** Dataset records follows **

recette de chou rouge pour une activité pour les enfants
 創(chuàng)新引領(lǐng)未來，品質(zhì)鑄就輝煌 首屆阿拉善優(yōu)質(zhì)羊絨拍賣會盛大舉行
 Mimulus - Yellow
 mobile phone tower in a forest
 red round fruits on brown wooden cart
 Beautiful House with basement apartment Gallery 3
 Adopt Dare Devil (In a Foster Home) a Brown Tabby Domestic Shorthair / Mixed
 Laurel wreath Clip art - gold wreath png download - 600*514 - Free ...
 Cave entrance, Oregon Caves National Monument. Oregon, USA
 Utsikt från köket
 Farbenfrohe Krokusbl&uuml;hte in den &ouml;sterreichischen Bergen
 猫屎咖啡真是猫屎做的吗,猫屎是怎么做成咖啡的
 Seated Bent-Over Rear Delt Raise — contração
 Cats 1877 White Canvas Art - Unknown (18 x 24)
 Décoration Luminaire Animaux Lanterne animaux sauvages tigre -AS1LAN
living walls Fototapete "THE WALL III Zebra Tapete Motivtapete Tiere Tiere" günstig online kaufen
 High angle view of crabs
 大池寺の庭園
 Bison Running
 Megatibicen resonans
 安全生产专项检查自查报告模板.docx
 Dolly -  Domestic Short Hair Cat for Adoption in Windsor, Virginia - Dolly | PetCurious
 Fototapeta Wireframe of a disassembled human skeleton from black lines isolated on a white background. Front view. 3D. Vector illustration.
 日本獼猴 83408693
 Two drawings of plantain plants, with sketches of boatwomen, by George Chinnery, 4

** End of Dataset records **

- Exercise goal: Find the line with "Utsikt från köket" in the material above. Reproduce it and each line after it up to and including the line with "Décoration Luminaire Animaux".

- Written solution:
 Utsikt från köket
 Farbenfrohe Krokusbl&uuml;hte in den &ouml;sterreichischen Bergen
 猫屎咖啡真是猫屎做的吗,猫屎是怎么做成咖啡的
 Seated Bent-Over Rear Delt Raise — contração
 Cats 1877 White Canvas Art - Unknown (18 x 24)
 Décoration Luminaire Animaux Lanterne animaux sauvages tigre -AS1LAN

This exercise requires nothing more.